View attachment 778456
So where is all this at:

Here is an end-to-end test, driving the X and Y inputs from a signal generator. I'm feeding 2 sin waves offset by 90*, which, of course, renders as a circle. There is no clearing of old samples, so the circle is just drawing over itself every time. If I were to try to connect this to a real game PCB at this point, the screen would just fill up. I'm also not sampling colors yet and hardcoded the color to white. . (I haven't even populated the color test/injection points on the board.)

View attachment 778457

Next steps:

Support multiple resolutions: right now the output can only do 640x480@60hz. I want to add 1024x768 support. (Note: the original Vector VGA can only do 800x600)

Image position: the incoming signal is from 0 to 1024. Since that's substantially bigger than 640x480, so I'm crudely scaling it down. Both center the image and scale it correctly.

Color: sample the RGB lines to set the pixel color. Note: like the original, I'm currently only bringing in 1 bit of input per color. I was surprised to see that this is how the Vector VGA product worked. It implies that colors won't be correct from game to game if the games are actually producing slightly different RGB voltages. To get color right on different games, I will either add a color ADC (more expensive BOM), or provide the ability to load a color palette. How this is done will affect the number of bits per pixel I'm using in ram. Right now, I'm using 12 bits, which is obviously ridiculous if there is only 1 bit of incoming data per channel.

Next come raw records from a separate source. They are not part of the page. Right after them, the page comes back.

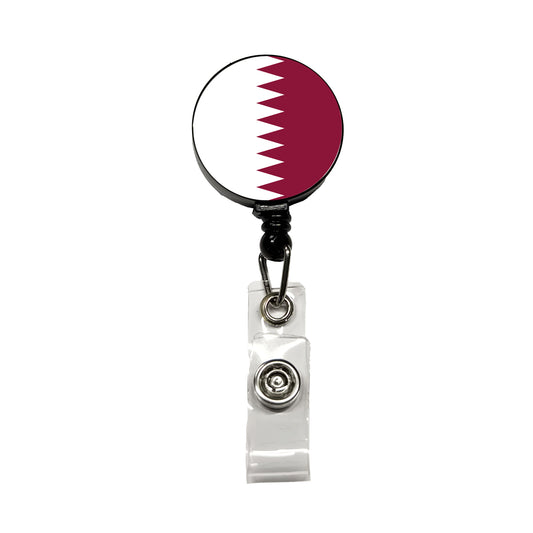 Qatar Country Flag Retractable ID Key Card Name Tag Badge Holder with Clip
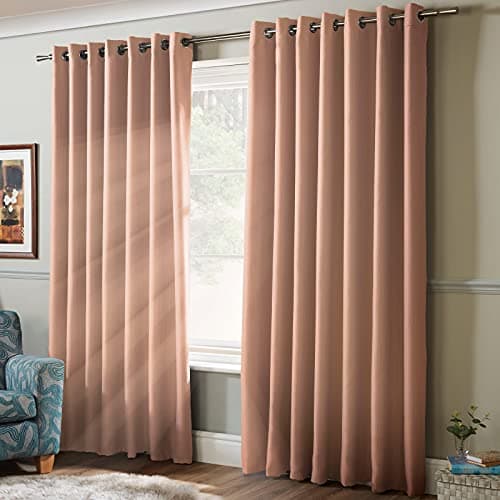 Image of Alan Symonds 100% Blackout Ring Top Eyelet Curtains - Pink (229cm x 229cm)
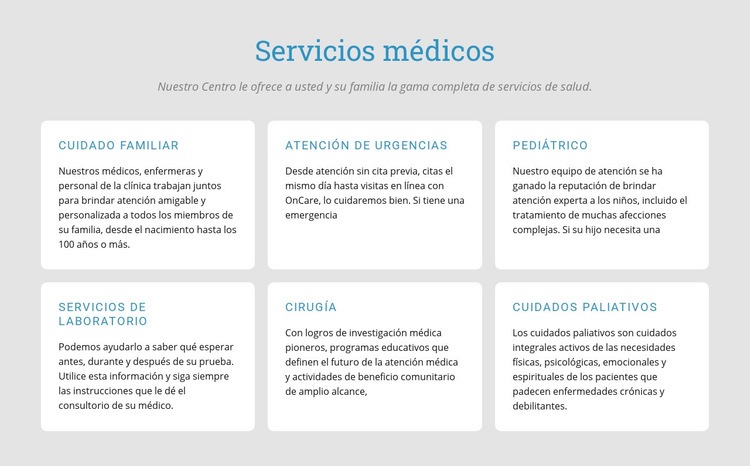 Explore nuestros servicios médicos Maqueta de sitio web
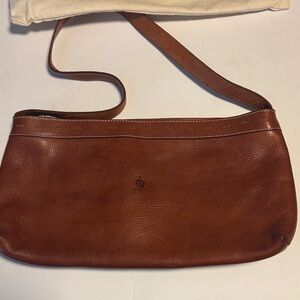 EL CABALLO DARK TAN LEATHER SHOULDER BAG 13.5” X 7” HANDLE DROP 12” PRELOVED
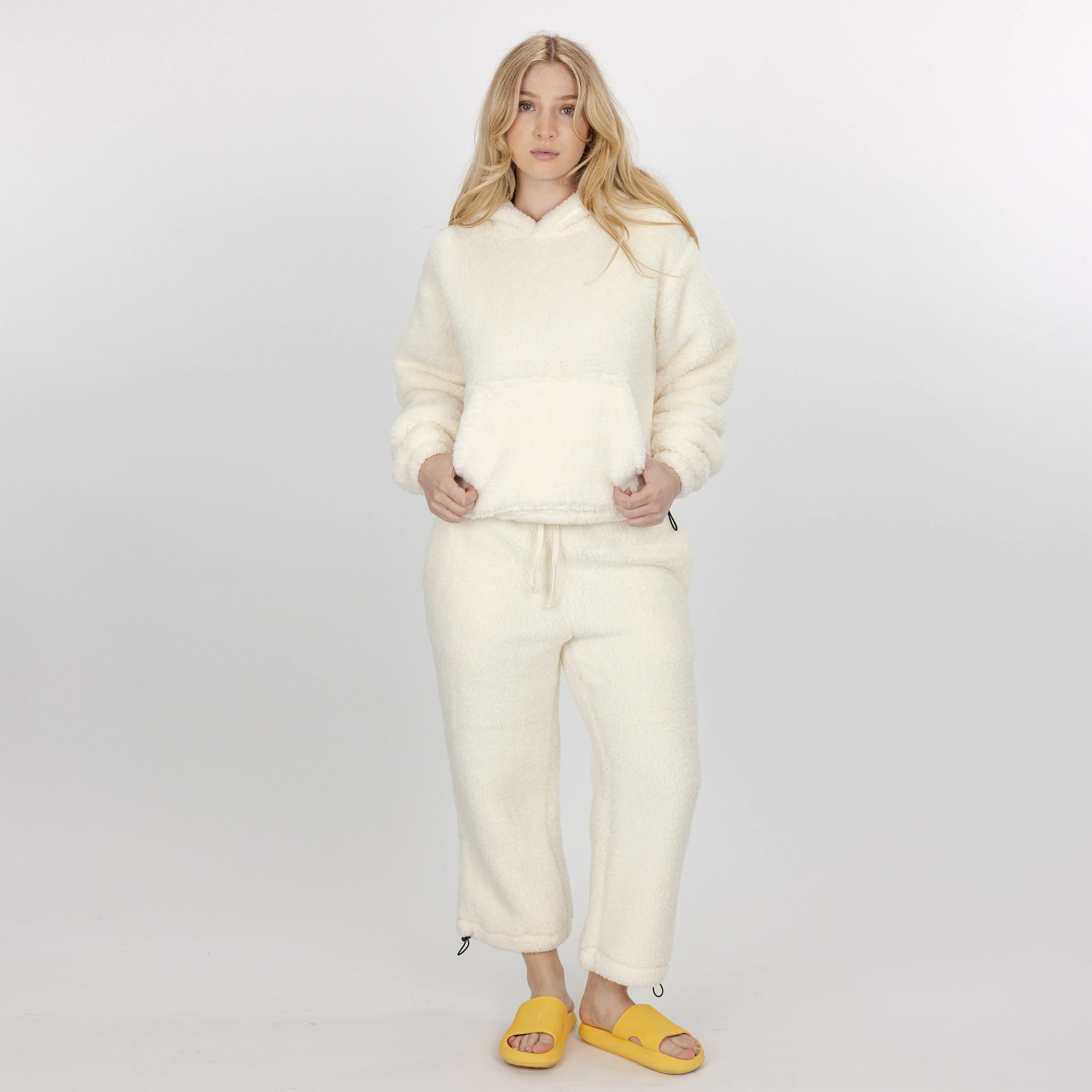 Womens Micro-poly Sherpa Fleece Hoodie - Egret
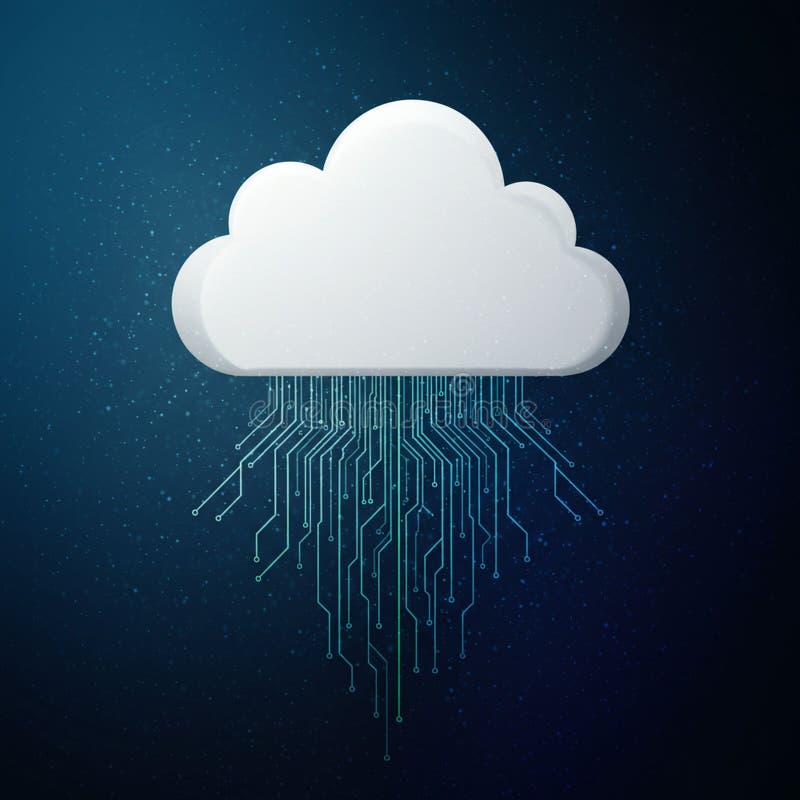 A white cloud is depicted against a dark blue background, symbolizing cloud royalty free illustration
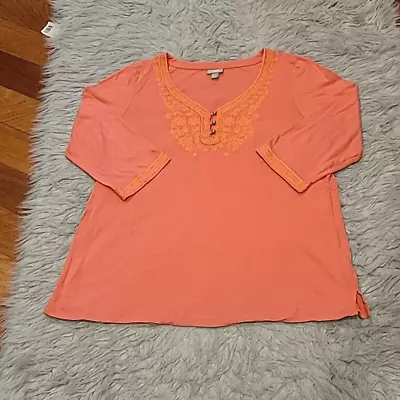 J Jill Womens Coral Soft Long Sleeve Embroidered Shirt With Button Detail • $25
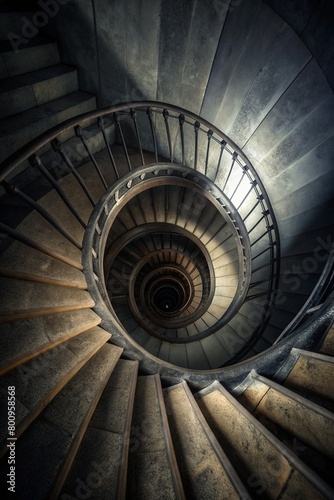 A spiral staircase leading into darkness 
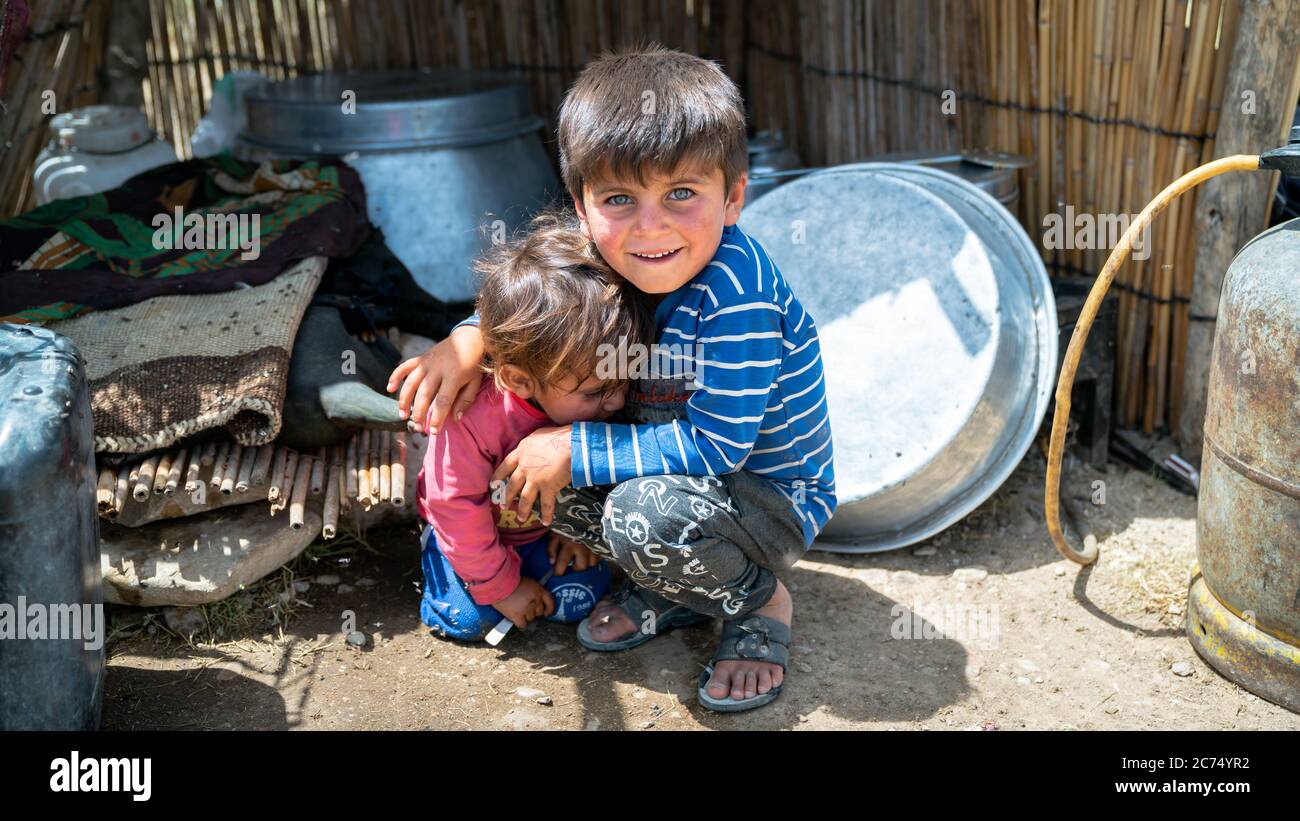 Shiraz Iran May 2019 Qashqai Turkish Nomadic Children Inside A Tent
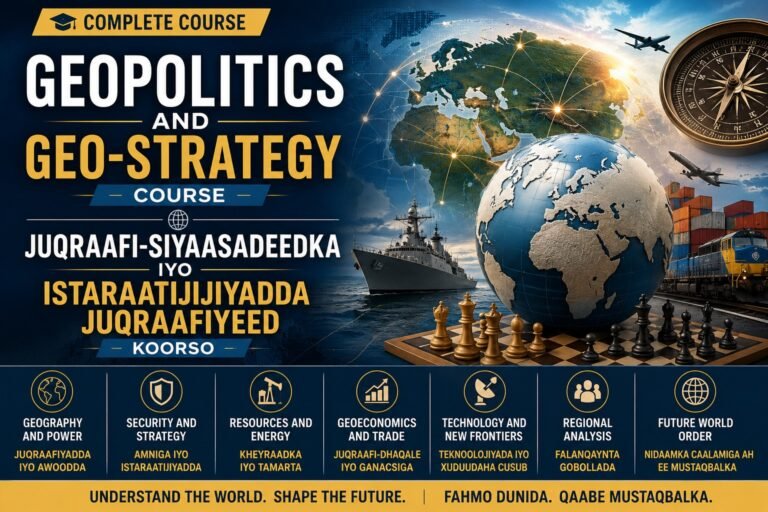 Geopolitics and Geo-strategy Course – Koorsada Juquraafi-Siyaasadeedka iyo Istaraatiijiyadda Juquraafiyeed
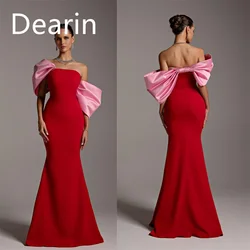 Customized Evening Gown Dearin Off-the-shoulder Sheath Floor Length Skirts Bespoke Occasion Dresses Formal Prom Dress Saudi Arab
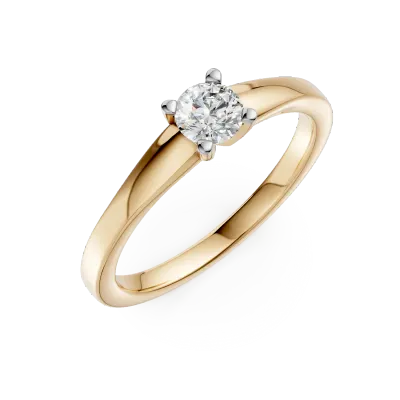 Inel de logodna din aur galben cu diamant solitaire de 0.3ct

Persistence/fade: implement fading of pixels. I plan to use extra bits in memory to track what frame a pixel was sampled on. If rendering is more than some number of samples away, the pixel won't be shown. This might only need 1 frame, or it might need a few. I will experiment with how long to leave them on, and if they just disappear or dim out.

SRAM at higher pixel clocks: the higher res pixel clocks are fast enough that a single SRAM can't support both reads and writes into the same frame buffer. I either need to double buffer, or interleave them. How persistence works will have an impact on how this is done. (I have a double buffering POC of a test pattern, as I originally thought I was going to be double bufering, with alternating sampling into one sram and displaying out of the other. If 1 frame of persistence is fine, then double buffering will be the way to go. If more frames of persistence are needed, then I'll likely need to interleave.) I haven't thought this through fully yet.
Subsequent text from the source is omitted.